WHAT? Who the fuck does such a thing? I’m trapped, behind a curtain. With some depressed-sounding German chick for a roomate hogging the sunny side of the room, babbling on endlessly into the telephone about  her fucking methadone prescription.  ”VEEER is it? VEER is my methadone? Who VILL pick me up? VAT TIME? Vat about my methadone?” As far as I could postulate, through eavesdropping, this woman had actually been discharged from the hospital many hours ago, but her loser friend’s car had suddenly broken down, (sounds like a story, no?) so there was some concern about when said person would arrive with car. And methadone. In the meantime, she was hogging the sunny side of the room and holding me hostage with her loud rantings.  I wanted to scream, “Hey, lady! Have you tried Uber Cab? It’s awesome, they come in TOWN CARS.” But I didn’t. Because as far as I know, Uber Cab drivers do not carry methadone.

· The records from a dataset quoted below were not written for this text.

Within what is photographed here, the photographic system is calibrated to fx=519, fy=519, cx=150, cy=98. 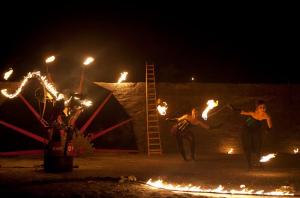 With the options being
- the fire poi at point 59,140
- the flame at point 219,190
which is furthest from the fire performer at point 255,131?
the fire poi at point 59,140

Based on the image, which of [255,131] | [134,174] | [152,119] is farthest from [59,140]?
[152,119]

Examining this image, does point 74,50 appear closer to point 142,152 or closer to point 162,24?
point 162,24

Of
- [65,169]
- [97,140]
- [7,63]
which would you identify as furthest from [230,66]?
[65,169]

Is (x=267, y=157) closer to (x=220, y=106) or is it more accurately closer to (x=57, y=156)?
(x=57, y=156)

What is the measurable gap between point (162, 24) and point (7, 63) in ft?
38.2

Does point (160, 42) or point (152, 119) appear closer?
point (152, 119)

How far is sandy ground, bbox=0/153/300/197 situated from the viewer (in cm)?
952

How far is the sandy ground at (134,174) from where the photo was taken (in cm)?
952

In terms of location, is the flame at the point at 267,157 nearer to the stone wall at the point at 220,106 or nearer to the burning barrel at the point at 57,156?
the stone wall at the point at 220,106

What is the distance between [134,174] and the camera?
12.1m

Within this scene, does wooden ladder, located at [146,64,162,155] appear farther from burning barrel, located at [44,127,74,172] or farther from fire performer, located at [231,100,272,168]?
burning barrel, located at [44,127,74,172]

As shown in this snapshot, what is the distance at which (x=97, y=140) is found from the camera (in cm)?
1852

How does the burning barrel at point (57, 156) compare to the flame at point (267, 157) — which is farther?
the flame at point (267, 157)

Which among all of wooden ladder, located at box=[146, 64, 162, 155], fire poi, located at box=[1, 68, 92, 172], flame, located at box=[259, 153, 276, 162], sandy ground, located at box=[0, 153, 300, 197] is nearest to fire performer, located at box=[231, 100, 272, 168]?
flame, located at box=[259, 153, 276, 162] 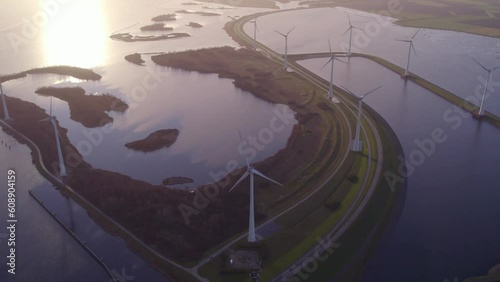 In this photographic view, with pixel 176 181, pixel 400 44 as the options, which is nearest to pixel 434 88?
pixel 400 44

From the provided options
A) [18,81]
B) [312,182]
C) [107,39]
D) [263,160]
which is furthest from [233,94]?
[107,39]

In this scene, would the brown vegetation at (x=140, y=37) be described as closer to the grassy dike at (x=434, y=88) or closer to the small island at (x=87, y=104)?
the grassy dike at (x=434, y=88)

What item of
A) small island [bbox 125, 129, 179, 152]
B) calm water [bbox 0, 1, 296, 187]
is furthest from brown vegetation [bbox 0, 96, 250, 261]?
small island [bbox 125, 129, 179, 152]

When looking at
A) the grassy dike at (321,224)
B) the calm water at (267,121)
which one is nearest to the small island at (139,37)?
the calm water at (267,121)

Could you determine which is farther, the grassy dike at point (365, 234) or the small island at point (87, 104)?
the small island at point (87, 104)

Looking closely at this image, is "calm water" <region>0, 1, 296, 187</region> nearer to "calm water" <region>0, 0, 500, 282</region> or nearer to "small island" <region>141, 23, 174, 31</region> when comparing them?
"calm water" <region>0, 0, 500, 282</region>

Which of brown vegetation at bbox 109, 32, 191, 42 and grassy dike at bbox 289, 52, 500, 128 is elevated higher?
brown vegetation at bbox 109, 32, 191, 42

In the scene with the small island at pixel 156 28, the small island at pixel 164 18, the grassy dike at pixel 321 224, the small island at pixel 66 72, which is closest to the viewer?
the grassy dike at pixel 321 224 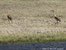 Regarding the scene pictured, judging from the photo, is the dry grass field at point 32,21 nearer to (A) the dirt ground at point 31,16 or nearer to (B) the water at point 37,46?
(A) the dirt ground at point 31,16

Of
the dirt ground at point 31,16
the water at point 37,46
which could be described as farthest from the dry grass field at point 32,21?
the water at point 37,46

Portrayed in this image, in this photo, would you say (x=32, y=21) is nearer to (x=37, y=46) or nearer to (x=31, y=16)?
(x=31, y=16)

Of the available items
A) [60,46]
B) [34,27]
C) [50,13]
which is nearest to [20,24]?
[34,27]

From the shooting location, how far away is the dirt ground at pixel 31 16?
1692 centimetres

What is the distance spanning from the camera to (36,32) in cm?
1655

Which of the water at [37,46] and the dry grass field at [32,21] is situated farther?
the dry grass field at [32,21]

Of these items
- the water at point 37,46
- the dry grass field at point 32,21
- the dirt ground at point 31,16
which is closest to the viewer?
the water at point 37,46

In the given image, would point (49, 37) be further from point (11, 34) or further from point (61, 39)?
point (11, 34)

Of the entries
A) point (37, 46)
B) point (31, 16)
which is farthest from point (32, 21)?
point (37, 46)

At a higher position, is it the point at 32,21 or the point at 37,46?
Result: the point at 37,46

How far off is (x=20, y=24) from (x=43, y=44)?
301 cm

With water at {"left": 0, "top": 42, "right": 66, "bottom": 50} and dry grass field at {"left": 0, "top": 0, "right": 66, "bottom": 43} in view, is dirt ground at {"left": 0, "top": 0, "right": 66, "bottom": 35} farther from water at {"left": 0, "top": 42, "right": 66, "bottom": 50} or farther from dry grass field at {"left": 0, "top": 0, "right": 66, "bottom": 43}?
water at {"left": 0, "top": 42, "right": 66, "bottom": 50}

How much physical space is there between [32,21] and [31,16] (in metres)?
0.69

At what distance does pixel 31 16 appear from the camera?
1859 centimetres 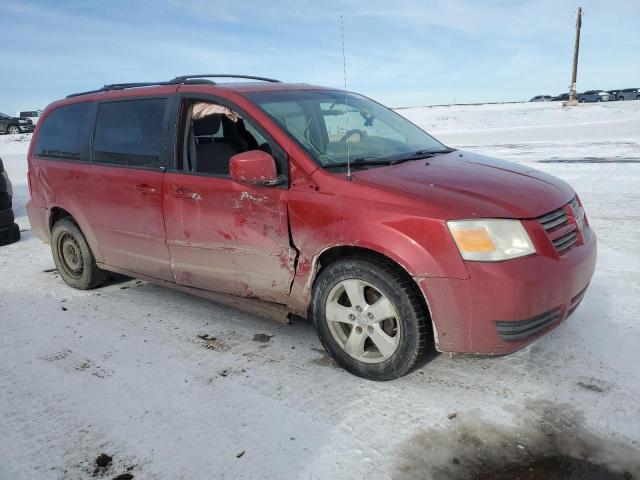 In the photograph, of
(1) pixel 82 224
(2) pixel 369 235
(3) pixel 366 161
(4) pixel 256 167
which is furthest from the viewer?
(1) pixel 82 224

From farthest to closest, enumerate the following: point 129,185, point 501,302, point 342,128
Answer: point 129,185, point 342,128, point 501,302

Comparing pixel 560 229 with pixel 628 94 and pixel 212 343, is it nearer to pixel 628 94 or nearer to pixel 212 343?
pixel 212 343

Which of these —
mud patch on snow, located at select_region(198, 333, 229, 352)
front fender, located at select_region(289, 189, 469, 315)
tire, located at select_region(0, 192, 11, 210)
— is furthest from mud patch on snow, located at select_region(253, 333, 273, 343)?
tire, located at select_region(0, 192, 11, 210)

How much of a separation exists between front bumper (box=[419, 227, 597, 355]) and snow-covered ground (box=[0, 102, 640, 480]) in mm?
359

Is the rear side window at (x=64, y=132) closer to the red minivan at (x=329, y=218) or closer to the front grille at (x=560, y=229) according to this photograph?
the red minivan at (x=329, y=218)

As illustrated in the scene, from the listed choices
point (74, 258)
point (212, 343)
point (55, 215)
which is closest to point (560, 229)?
point (212, 343)

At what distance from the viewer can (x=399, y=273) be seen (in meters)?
2.81

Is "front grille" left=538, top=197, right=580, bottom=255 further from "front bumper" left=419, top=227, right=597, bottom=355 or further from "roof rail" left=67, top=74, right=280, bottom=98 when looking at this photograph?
"roof rail" left=67, top=74, right=280, bottom=98

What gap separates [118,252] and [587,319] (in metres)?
3.61

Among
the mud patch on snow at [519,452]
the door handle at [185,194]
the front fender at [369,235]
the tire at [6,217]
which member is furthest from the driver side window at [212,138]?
the tire at [6,217]

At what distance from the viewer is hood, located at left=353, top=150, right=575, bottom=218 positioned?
270 centimetres

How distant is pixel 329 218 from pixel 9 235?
18.3 ft

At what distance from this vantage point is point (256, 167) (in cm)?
311

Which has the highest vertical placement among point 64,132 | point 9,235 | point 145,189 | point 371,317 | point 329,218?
point 64,132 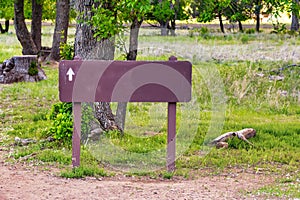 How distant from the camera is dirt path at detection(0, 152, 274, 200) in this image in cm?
705

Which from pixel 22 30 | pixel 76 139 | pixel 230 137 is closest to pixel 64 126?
pixel 76 139

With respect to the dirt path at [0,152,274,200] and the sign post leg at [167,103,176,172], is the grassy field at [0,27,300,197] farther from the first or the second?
the dirt path at [0,152,274,200]

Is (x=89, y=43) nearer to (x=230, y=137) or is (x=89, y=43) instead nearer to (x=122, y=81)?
(x=122, y=81)

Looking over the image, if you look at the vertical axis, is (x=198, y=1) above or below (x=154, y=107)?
above

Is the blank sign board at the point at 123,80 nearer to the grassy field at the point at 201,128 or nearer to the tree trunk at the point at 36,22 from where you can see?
the grassy field at the point at 201,128

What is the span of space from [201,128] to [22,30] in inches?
470

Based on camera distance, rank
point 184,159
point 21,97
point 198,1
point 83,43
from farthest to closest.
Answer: point 21,97
point 198,1
point 83,43
point 184,159

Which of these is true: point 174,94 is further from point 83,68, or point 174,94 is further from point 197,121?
point 197,121

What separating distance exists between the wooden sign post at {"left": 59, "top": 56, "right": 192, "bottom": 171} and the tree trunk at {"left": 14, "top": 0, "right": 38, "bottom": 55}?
1404 centimetres

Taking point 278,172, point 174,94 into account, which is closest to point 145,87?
point 174,94

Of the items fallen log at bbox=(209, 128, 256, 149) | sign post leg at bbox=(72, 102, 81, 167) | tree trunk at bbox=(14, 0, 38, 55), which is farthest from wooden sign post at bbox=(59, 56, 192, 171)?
tree trunk at bbox=(14, 0, 38, 55)

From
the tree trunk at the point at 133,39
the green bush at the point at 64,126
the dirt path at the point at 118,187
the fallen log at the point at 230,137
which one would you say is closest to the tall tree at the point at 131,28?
the tree trunk at the point at 133,39

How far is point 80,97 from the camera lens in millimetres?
8172

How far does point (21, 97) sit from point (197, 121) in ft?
17.0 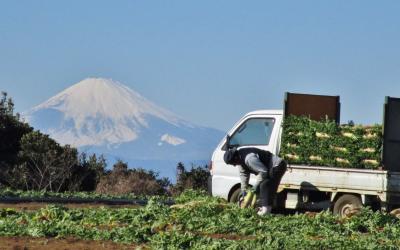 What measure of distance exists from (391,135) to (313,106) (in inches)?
95.6

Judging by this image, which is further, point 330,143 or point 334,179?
point 330,143

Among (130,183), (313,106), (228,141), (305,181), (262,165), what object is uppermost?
(313,106)

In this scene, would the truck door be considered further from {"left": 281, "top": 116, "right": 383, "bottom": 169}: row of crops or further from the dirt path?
the dirt path

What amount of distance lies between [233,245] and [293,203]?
9.54m

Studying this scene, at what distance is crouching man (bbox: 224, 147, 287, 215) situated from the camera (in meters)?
22.9

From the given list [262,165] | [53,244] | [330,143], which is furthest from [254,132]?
[53,244]

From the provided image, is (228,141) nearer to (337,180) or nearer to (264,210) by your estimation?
(337,180)

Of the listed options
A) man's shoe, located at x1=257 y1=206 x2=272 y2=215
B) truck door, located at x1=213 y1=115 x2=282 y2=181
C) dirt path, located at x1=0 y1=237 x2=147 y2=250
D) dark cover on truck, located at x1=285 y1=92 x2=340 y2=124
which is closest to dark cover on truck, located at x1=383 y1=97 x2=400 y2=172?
dark cover on truck, located at x1=285 y1=92 x2=340 y2=124

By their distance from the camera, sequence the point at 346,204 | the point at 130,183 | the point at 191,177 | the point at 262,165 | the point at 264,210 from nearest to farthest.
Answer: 1. the point at 264,210
2. the point at 262,165
3. the point at 346,204
4. the point at 130,183
5. the point at 191,177

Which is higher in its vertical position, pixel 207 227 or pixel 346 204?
pixel 346 204

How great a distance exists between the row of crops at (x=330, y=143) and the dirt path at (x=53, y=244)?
9.52 m

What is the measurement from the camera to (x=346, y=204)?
23828mm

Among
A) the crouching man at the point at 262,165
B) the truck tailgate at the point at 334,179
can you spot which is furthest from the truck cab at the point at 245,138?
the crouching man at the point at 262,165

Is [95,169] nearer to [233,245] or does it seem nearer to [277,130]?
[277,130] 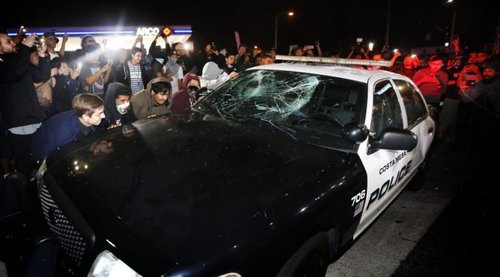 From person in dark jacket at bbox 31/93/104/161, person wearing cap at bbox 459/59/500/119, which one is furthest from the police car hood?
person wearing cap at bbox 459/59/500/119

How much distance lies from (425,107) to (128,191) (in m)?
3.53

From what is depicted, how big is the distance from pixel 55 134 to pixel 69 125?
140 mm

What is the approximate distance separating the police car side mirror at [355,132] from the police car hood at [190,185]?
0.14 meters

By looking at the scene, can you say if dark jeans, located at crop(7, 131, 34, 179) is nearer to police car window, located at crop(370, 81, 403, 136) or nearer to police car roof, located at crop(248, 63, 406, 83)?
police car roof, located at crop(248, 63, 406, 83)

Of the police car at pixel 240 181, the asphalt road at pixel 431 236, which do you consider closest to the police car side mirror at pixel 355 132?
the police car at pixel 240 181

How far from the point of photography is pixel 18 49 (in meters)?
3.74

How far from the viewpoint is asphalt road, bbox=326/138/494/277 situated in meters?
2.93

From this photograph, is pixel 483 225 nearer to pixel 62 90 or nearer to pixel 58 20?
pixel 62 90

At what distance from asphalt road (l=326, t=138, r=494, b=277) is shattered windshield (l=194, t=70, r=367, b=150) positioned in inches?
49.6

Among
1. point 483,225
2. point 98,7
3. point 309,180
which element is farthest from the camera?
point 98,7

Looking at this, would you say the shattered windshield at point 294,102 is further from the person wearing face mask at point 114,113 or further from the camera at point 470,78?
the camera at point 470,78

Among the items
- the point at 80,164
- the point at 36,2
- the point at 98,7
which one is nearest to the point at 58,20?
the point at 36,2

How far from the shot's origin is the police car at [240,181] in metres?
1.60

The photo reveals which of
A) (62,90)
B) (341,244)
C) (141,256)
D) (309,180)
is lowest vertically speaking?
(341,244) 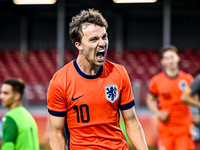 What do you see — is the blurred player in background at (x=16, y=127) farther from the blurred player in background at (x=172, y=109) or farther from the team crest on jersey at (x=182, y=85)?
the team crest on jersey at (x=182, y=85)

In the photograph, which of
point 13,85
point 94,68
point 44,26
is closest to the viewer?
point 94,68

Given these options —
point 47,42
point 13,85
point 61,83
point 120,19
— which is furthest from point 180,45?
point 61,83

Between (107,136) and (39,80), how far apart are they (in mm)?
14105

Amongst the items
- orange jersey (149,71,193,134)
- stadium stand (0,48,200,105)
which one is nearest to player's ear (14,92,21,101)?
orange jersey (149,71,193,134)

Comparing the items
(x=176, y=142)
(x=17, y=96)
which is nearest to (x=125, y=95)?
(x=17, y=96)

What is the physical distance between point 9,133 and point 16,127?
117 millimetres

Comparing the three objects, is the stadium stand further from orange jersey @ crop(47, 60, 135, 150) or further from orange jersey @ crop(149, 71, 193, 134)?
orange jersey @ crop(47, 60, 135, 150)

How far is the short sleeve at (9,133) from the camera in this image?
3793 mm

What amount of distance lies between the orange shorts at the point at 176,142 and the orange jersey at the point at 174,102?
9 centimetres

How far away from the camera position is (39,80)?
659 inches

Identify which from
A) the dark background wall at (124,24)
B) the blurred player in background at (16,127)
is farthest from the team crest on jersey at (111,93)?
the dark background wall at (124,24)

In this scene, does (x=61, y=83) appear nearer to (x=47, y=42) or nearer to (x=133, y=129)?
(x=133, y=129)

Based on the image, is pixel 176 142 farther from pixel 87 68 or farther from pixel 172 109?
pixel 87 68

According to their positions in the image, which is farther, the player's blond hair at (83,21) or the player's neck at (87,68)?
the player's neck at (87,68)
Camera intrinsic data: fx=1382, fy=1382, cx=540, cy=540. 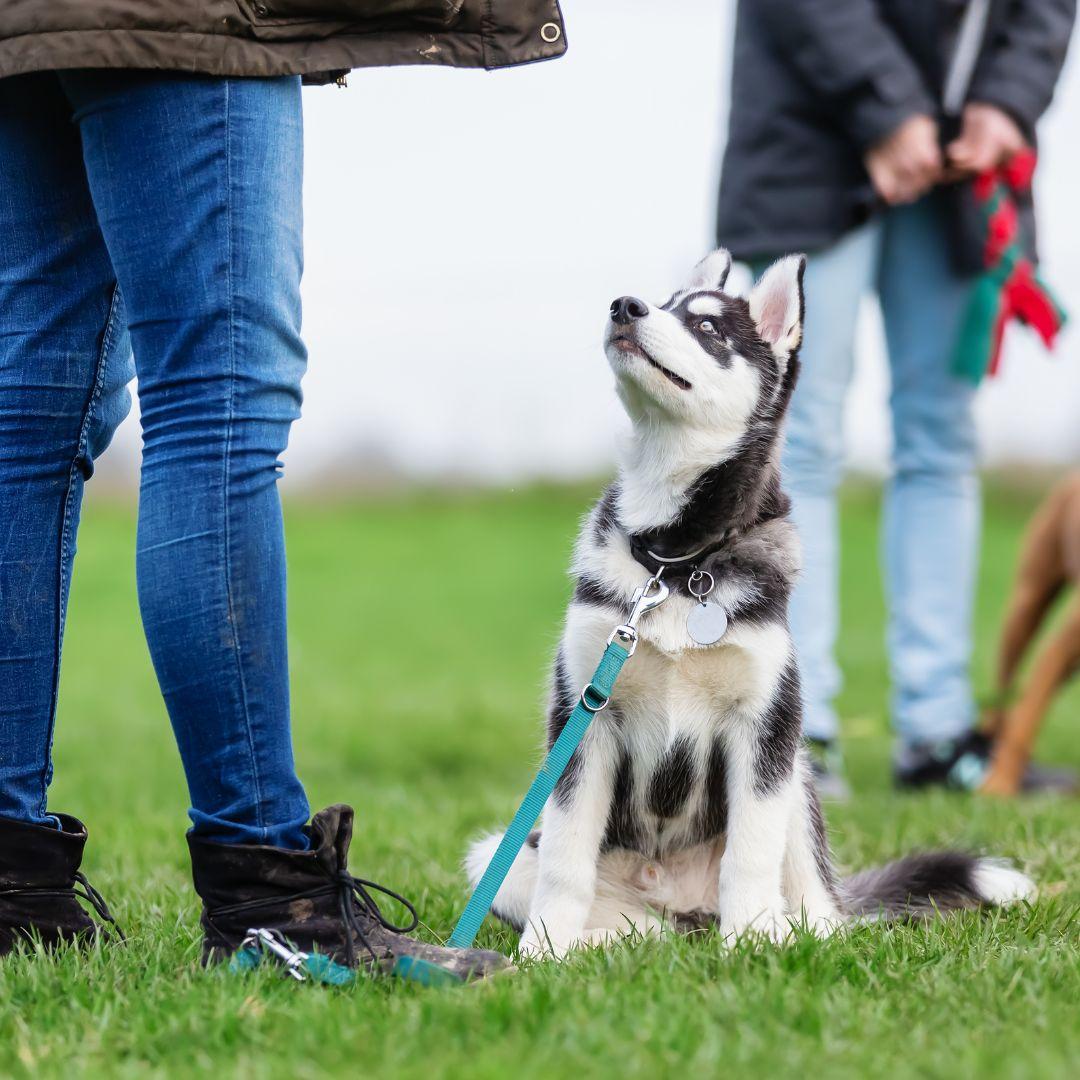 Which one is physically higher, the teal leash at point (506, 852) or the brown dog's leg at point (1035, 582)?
the teal leash at point (506, 852)

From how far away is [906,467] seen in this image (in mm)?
5148

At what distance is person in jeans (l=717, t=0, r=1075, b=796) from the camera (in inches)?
172

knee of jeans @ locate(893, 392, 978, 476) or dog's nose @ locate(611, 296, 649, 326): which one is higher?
dog's nose @ locate(611, 296, 649, 326)

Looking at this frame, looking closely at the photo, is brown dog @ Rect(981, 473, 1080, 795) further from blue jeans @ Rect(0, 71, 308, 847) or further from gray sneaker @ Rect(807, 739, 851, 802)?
blue jeans @ Rect(0, 71, 308, 847)

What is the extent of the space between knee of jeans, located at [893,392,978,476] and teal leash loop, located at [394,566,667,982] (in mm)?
2654

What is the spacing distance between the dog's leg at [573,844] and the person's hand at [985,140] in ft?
9.12

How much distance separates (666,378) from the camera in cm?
283

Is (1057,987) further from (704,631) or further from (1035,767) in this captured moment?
(1035,767)

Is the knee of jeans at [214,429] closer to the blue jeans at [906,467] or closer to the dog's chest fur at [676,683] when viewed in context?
the dog's chest fur at [676,683]

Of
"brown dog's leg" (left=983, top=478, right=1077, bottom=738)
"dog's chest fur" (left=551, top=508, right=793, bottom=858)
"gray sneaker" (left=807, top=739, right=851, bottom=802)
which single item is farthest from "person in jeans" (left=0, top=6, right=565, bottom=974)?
"brown dog's leg" (left=983, top=478, right=1077, bottom=738)

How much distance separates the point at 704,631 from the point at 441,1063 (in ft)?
3.54

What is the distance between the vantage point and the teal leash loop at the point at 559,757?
8.08ft

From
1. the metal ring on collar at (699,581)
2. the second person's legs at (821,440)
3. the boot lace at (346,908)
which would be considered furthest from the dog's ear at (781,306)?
the boot lace at (346,908)

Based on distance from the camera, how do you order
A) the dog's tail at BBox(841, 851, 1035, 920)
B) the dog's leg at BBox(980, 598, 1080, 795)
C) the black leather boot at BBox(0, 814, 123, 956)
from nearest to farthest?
the black leather boot at BBox(0, 814, 123, 956), the dog's tail at BBox(841, 851, 1035, 920), the dog's leg at BBox(980, 598, 1080, 795) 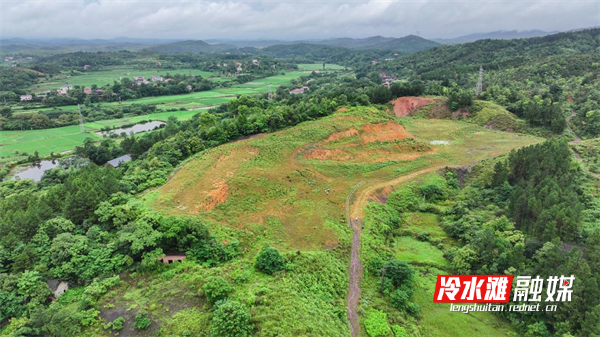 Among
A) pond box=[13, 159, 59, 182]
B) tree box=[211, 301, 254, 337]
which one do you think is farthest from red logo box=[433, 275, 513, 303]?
pond box=[13, 159, 59, 182]

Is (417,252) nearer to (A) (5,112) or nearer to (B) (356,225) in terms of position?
(B) (356,225)

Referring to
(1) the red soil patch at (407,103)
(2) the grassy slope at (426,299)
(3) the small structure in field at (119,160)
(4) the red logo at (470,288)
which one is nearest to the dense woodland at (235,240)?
(2) the grassy slope at (426,299)

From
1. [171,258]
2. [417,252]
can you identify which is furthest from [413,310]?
[171,258]

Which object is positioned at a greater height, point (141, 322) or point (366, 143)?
point (366, 143)

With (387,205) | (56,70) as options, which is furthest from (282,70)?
(387,205)

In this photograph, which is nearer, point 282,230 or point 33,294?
point 33,294

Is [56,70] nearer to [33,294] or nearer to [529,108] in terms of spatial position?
[33,294] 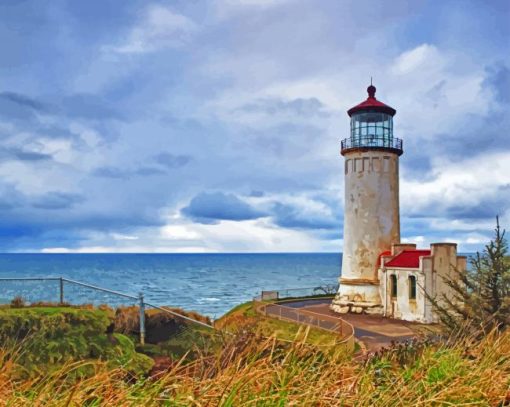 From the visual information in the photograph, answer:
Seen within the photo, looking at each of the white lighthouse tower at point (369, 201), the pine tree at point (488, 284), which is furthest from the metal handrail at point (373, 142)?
the pine tree at point (488, 284)

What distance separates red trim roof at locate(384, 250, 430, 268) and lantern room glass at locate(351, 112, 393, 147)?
19.8 ft

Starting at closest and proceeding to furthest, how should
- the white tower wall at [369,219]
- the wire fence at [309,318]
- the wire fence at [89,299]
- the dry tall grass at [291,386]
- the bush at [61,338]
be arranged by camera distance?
the dry tall grass at [291,386] → the bush at [61,338] → the wire fence at [89,299] → the wire fence at [309,318] → the white tower wall at [369,219]

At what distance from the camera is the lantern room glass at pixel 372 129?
27.3 meters

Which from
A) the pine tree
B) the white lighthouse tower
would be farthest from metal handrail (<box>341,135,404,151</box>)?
the pine tree

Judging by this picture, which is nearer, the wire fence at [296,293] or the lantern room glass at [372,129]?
the lantern room glass at [372,129]

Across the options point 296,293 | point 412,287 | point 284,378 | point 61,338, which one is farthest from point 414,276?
point 284,378

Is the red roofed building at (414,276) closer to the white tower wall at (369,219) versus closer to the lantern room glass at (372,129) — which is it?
the white tower wall at (369,219)

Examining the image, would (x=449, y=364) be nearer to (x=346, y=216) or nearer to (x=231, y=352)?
(x=231, y=352)

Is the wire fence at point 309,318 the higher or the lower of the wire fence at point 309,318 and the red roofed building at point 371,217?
the lower

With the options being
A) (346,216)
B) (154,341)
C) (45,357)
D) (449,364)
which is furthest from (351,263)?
(449,364)

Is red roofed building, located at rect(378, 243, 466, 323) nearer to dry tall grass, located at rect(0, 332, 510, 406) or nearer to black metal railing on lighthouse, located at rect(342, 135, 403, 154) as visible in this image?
black metal railing on lighthouse, located at rect(342, 135, 403, 154)

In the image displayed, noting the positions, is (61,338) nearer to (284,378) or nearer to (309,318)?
(284,378)

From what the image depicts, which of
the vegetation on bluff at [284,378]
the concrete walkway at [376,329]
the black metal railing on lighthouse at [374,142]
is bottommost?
the concrete walkway at [376,329]

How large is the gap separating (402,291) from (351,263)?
11.6ft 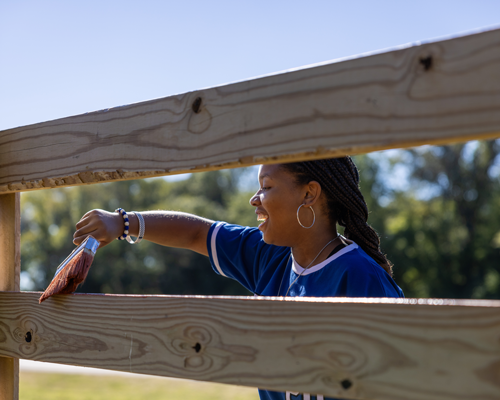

Are You There, Laurel? It’s Me, Cancer.

I had a stomach ache. After day three of excruciating pain in my lower abdomen, I left work and did what any self respecting San Franciscan would do. I did a Yelp search for “Best SF Emergency Room.” CPMC was the big winner so I drove on over. I didn’t have any sense of dread, or nervousness. I just wanted my fucking stomach to stop hurting. After waltzing in to an empty ER, breezing right on through to a delightful morphine IV drip – my fiance joined me in my little curtained room where we were holding court with the staff. Everyone joking and laughing hahahaha, etc. The attending ER doc, who bore a terrifying resemblance to the Dr. in my favorite movie of all time, “Cannonball Run” (photo here) had requested a CT scan. After some amount of time, who knows how long – I was so high – returned. “I believe you are having an episode of colitis.” Colitis! Yay! WTF is colitis? A clearing of a throat. “And, also we have found something else on the scan. Something in your lung.” Huh. Time slows, room tilts. “Are you telling me I have LUNG CANCER? IS THAT WHAT YOU ARE TELLING ME?” The doctor was wall-eyed. I was finding it difficult to establish or maintain eye contact. “I cannot say that. But because of your history of breast cancer, what I am seeing on your scans is of a serious concern.”  I remember asking, no — demanding to be sedated. I remember crying. And then blackness.

Waking up at sunrise, alone in the hospital. I dragged my tubes over to a window and looked out over Downtown and the Bay. I watched a container ship for about 40 minutes, until I realized it was anchored, not moving.

I went into the hospital with a tummy ache and I woke up with cancer.